A reporter for a cable-access show in Chicago was ordered by a federal magistrate judge last week to hand over every video recording he made documenting anti-war protests from 2003 to 2005.

The reporter, Martin Conlisk, was subpoenaed by the city of Chicago during the course of its defense of a civil rights lawsuit filed by a local man who was arrested during a March 2005 anti-war protest. The protester, Andy Thayer, sued the city in 2007, alleging that his constitutional rights were violated by the arrest and claiming that the city’s policy of sending cops in riot gear to protests was a means to suppress speech.

Conlisk had been on the street corner filming the day Thayer was arrested and had testified in the man’s disorderly conduct criminal trial.

But in the lawsuit, the city’s subpoena requested much more than the video from the day of Thayer’s arrest. It ordered Conlisk to hand over all tapes and material that documented the planning and implementation of all anti-war protests in the city from March 2003 to the present, including everything on his computer hard drive. It also ordered him to testify about those videos.

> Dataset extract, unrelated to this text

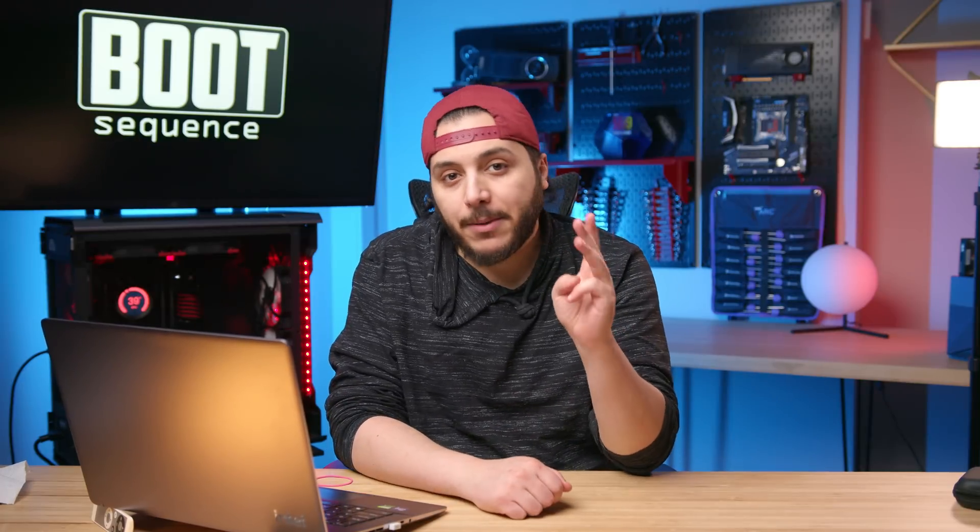Today in the news, we got three leaked CPUs from AMD and their prices, NVIDIA does something dumb and more. What's up guys, I'm Snows, and this is your Boot Sequence.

In the April 30 ruling, the magistrate judge, Arlander Keys, refused to apply a reporter’s privilege, holding that courts in the Seventh Circuit have “rejected the notion of a federal reporter’s privilege.”

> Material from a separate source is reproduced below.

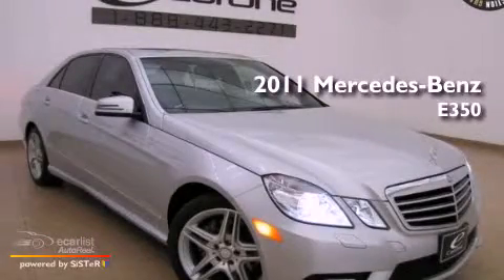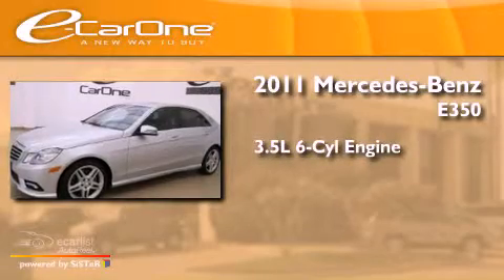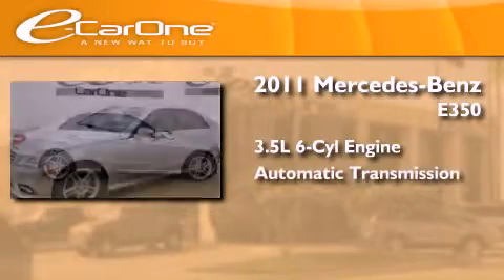This is a 2011 Mercedes-Benz E350. It has a 3.5-liter six-cylinder engine and an automatic transmission.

He wrote further that neither the First Amendment nor the Federal Rules of Evidence supported any privilege. He also refused to apply Illinois’ shield law because the case was brought in federal court.

The court analyzed the subpoena under general procedural rules that allow the quashing of all subpoenas if they are found to be burdensome, irrelevant, unnecessary or overbroad.

The court disagreed with Conlisk’s arguments that the subpoena was burdensome because it was an intrusion into his work product that would impinge upon his credibility as a reporter.

“Absent a showing of actual burden, the Court is not inclined to allow Mr. Conlisk to avoid enforcement of the subpoena with a backdoor attempt to impose a privilege,” Keys wrote.

Additionally, the subpoena was deemed relevant to a determination about the city’s policy of sending police officers to protests, since Conlisk has documented many of the city’s protests over the years.

The court did, however, find the subpoena slightly overbroad and limited what Conlisk had to turn over. Instead of providing everything he gathered in the last six years, the court ordered the reporter to turn over his tapes from 2003 up until the day Thayer was arrested in 2005. Additionally, the court said Conlisk did not have to turn over his hard drive.